As a boy, I collected seashells. The first seashell I acquired was picked from the beach. By the time I found it, it was bleached to chalky white though its lovely form was still intact. It had an elongated body with bony spines of wrapped around it like a protective armour. Some spines were long and curved; others were short but pointy. Many of its spines were broken but I could imagine that in perfect condition, it wouldn’t look too different from the complete skeleton of a fish. After some research, I learned the name of my seashell: Murex Pecten, commonly known as the Venus Comb. More wonderful revelations followed; I learned that not all members of the Murex family are spiny like Murex Pecten, that some have fronds and varices like rose buds, while others have flared varices that resemble “wings”. Over the years, I bought a variety of seashells, including conches, cones, cowries, volutes and others. They are all wonderful in their unique shapes and colors. Murex have since had a special place in my collecting memory.

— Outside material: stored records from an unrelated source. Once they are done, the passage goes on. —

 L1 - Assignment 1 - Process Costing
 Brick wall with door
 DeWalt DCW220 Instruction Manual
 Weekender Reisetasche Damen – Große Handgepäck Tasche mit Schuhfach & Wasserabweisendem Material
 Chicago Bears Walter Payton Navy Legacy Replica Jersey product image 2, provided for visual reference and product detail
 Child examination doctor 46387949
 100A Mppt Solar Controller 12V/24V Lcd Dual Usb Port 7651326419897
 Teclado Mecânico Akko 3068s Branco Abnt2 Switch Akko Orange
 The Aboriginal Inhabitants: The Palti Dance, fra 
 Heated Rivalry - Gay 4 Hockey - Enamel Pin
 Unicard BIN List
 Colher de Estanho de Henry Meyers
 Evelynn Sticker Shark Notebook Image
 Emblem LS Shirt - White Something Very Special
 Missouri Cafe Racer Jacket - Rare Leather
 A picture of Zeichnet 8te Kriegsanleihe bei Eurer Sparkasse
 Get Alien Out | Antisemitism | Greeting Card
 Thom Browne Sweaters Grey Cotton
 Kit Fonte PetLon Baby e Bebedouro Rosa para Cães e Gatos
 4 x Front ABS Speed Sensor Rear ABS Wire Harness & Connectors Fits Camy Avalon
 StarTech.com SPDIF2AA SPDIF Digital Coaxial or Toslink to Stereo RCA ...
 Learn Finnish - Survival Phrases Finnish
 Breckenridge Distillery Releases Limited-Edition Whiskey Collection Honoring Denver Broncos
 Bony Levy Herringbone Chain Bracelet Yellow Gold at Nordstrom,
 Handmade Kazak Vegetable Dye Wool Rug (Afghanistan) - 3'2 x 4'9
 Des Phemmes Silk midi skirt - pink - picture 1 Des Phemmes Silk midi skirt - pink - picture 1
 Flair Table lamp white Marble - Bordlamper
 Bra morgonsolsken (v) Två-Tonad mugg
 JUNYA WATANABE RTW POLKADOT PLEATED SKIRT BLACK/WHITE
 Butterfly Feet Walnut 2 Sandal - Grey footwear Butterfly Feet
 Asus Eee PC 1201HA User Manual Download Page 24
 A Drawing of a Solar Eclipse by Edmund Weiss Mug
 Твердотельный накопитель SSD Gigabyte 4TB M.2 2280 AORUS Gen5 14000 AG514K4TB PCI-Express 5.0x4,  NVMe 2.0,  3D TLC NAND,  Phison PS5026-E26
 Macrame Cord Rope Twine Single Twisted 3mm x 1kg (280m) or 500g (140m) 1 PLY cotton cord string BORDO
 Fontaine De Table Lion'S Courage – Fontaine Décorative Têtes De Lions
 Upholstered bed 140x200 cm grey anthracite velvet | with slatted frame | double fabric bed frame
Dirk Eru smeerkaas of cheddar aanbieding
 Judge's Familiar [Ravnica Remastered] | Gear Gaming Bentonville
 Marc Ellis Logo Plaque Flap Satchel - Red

Here are photos of eight different Murex species in all their spiny and winged glories.
Pterynotus loebbeckei, Phillippines
Peter Dance (Rare Seashells, 1969) said that the shell of Pterynotus loebbeckei was “the loveliest, most exquisite natural object he has ever seen.” Adult size is from 35 mm to 80 mm in length. Larger shells have more prominent “wings” that have been compared to the petals of tropical flowers.
Murex Pecten (Venus Comb Murex)
The shell with a hundred spines (actually more), Murex Pecten is a common species found in the Indo-Pacific waters. However, perfect specimens are scarce due to the fragile long spines. The species grows to between 10 and 15 cm in length.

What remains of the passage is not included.